:: DATASET EXCERPT ::
*** Block opens ***

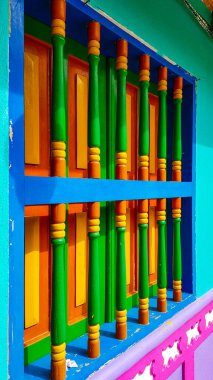 GÖREVLİ VE KOLOMBİYA KOLOMBİYA, TURİST YÖNETMENLİĞİ. BATLARI ARTİSTİK FABRİKALARLARI YAŞILARI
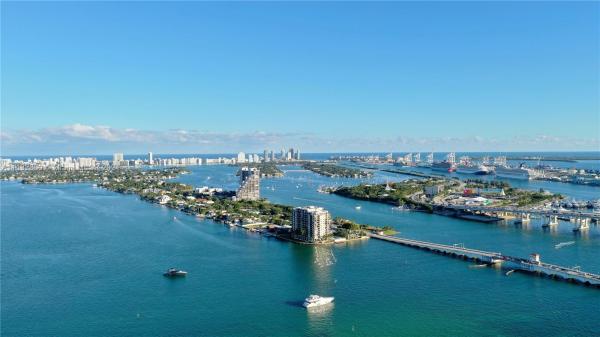 Opera Tower, 1750 N Bayshore Dr #4106, Miami, Florida 33132, image 2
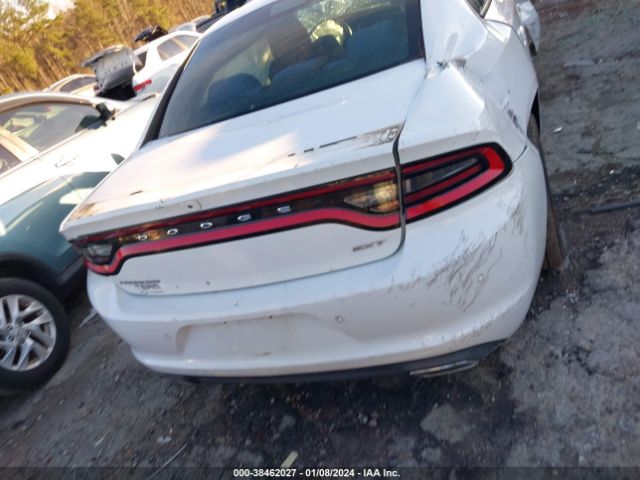 2C3CDXHG0JH128879 Dodge Charger Sxt Plus Rwd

*** Block closes ***

:: TO DO ::
Reproduce each line above precisely, with no pictures.

:: TASK SOLUTION ::
 GÖREVLİ VE KOLOMBİYA KOLOMBİYA, TURİST YÖNETMENLİĞİ. BATLARI ARTİSTİK FABRİKALARLARI YAŞILARI
 Opera Tower, 1750 N Bayshore Dr #4106, Miami, Florida 33132, image 2
 2C3CDXHG0JH128879 Dodge Charger Sxt Plus Rwd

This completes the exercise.